Just for now, though, these young Australians are feeling as vulnerable as elephants on ice. Neither has performed to raised expectations in the fist two Tests of the Ashes series. At first sight it can be put down to the sort of bad patch sooner or later endured by all cricketers as the game temporarily (as it usually turns out) forsakes them. But these cases are a little different. Bad patches befall players with completed games that develop little weaknesses that cause internal panic and eventually prove instructive as the player reminds himself never to get lazy and always to keep a close eye on his game. Hughes and Johnson are not that far down the track. They are not suffering from bad luck so much as technical flaws. In short, they are not yet the finished product.

Phillip Hughes falls to the bouncer for the second time in the match, England Lions v Australians, New Road, July 3, 2009
Phillip Hughes: has been forced to confront and correct in the middle of an Ashes campaign © Getty Images

Hitherto Hughes' habit of sliding his back foot to leg had been observed but was not regarded as fatal to his prospects. Every bowler in Australia and South Africa had tried to exploit it, only to find the left-hander cutting gleefully. Hereabouts it appeared that he might be able to work things out as he went along, as did Virender Sehwag, Navjot Sidhu and other dashing openers blessed with wonderful eyes and bold spirits. Now Hughes has been forced to confront and correct in the middle of an Ashes campaign. He is a remarkable young man and has the determination needed to score runs in any company. Most likely these struggles will be his making not his breaking.

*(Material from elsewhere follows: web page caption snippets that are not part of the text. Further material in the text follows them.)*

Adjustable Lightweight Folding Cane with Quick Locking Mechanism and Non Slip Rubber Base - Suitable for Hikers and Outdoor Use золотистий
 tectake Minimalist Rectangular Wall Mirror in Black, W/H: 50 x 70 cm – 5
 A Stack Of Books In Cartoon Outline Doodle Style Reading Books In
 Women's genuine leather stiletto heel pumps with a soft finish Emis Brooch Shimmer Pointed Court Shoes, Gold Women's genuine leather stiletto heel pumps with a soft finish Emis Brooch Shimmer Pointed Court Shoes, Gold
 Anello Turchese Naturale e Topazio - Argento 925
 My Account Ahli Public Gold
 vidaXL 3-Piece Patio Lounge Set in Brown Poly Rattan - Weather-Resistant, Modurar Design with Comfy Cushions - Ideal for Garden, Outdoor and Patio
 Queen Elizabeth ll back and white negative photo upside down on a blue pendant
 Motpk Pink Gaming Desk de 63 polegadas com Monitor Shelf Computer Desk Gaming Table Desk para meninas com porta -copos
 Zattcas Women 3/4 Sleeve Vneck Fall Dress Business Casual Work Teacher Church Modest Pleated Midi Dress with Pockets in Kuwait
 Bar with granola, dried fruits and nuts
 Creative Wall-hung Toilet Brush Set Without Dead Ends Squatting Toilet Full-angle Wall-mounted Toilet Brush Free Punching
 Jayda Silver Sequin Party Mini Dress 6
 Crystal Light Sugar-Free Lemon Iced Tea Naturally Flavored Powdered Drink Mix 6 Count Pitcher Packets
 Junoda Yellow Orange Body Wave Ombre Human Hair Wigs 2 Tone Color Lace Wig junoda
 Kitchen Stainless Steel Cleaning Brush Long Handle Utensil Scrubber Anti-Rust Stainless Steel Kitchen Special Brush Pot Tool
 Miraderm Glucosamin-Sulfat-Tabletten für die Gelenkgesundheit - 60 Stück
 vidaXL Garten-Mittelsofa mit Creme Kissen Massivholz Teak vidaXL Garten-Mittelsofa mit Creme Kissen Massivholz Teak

Nor is Johnson enduring a genuine bad patch. His problems run deeper than that. Instead his action has been found wanting. Twelve months ago the Australians realised that their bowling needed a pick up. Most of the established flingers were injured or aged. Among those still standing, Johnson was the best hope because he offered pace, bounce, stamina, athleticism and angle, but he could only cut the ball away from the bat, an approach that might work on hard pitches in Australia but has seldom been effective in England.

Accordingly bowler and coaches worked hard to add an inswinger to his repertoire, a delivery unleashed in the first Test in South Africa, and sporadically later in the series, and subsequently misplaced. Previously he had seemed to be lucky to take so many wickets, as batsmen repeatedly nibbled at wide deliveries. Now he was formidable. Adding the inswinger, though, meant changing his action, at least for that delivery. Perhaps it was more than he could absorb. Now he is in the worst of both worlds.

Hughes is young and deeply committed to the game and will learn as he goes along. Johnson is a genial, sensitive fellow, who hardly played for a few years, between his discovery and rediscovery, a sportsman with less to fall back on than most internationals. Experience teaches a man how to reduce the impact of bad spells. Having missed some of his formative cricketing years, itself an attempt to avoid pain, Johnson lacks the depth of knowledge needed to identify faults. And a man needs to be comfortable with his game before taking to these fields. Hopefully this splendid cricketer will bounce back, but for now he has to embark on the second of a cricketer's three stages.

The path is the same and it depends where a man stops. It begins with natural ability that takes a fellow as far as it can. Then comes a period of introspection in which the complications of the game are encountered and, to a greater or lesser degree, resolved. Finally the player reaches the final stage of a hazardous journey, beyond complexity, towards full understanding. This third stage is called simplicity, but it is profundity.